Pour les entreprises débutantes, les besoins de financement actuels diffèrent entre des besoins destinés à la recherche et à l’innovation de l’ordre de 14%, des besoins de gestion de l’ordre de 38% et des besoins d’extension de l’ordre de 48%. Dans cette optique, un grave problème d’accompagnement s’impose où 73% des entreprises dont 81% de moins de 5 ans, ont déclaré qu’elles ne bénéficient pas d’un accompagnement bancaire.

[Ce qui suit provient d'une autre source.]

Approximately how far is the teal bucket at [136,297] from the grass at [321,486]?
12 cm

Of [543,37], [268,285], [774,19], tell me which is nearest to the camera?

Les obstacles devant l’investissement ne cessent d’émerger. L’inégalité fiscale entre les secteurs d’activité ainsi que l’élévation de la pression fiscale et l’insuffisance des encouragements de l’Etat en témoignent. L’ambigüité de la loi de Finances 2018 a, par ailleurs, fait que 43% des entrepreneurs potentiels ignorent cette loi ou sont confus par rapport à ses dispositions.
De plus, 12% uniquement voient que la nouvelle loi de Finances a amélioré les perspectives d’investissement. Cependant, 88% adoptent une vision défavorable à l’égard de cette législation où des entreprises ont jugé qu’aucun changement n’a été introduit après la promulgation de la loi de Finances 2018. Faute de communication, 60% parmi ces 88% ne connaissent pas cette loi.
A première vue, toutes ces données renvoient à une réalité morose du climat de l’investissement en Tunisie. Vraisemblablement, la lenteur de l’évolution de l’indice du climat des affaires, estimé aujourd’hui à 0.4 devrait pousser à la recherche de solutions alternatives nous permettant de simplifier cette complication.
Il revient à l’Etat, en premier lieu, d’exécuter le rôle qui lui est incombé, d’octroyer des avantages susceptibles de motiver les jeunes entrepreneurs et d’encourager les investissements surtout dans le secteur des petites et moyennes entreprises. En réduisant la charge fiscale qui les accable, en réinventant et révisant les sources de financement ainsi qu’en mettant à la disposition des jeunes entreprises tous les outils nécessaires pour leur promotion et leur développement.
Néanmoins, le rôle crucial de l’Etat ne doit pas, certes, occulter la responsabilité des individus. Ces derniers sont appelés à œuvrer en toute efficience, conscience et intégrité afin d’optimiser leur rendement. La culture du sérieux, de l’ambition et de la rigueur doit être également ancrée.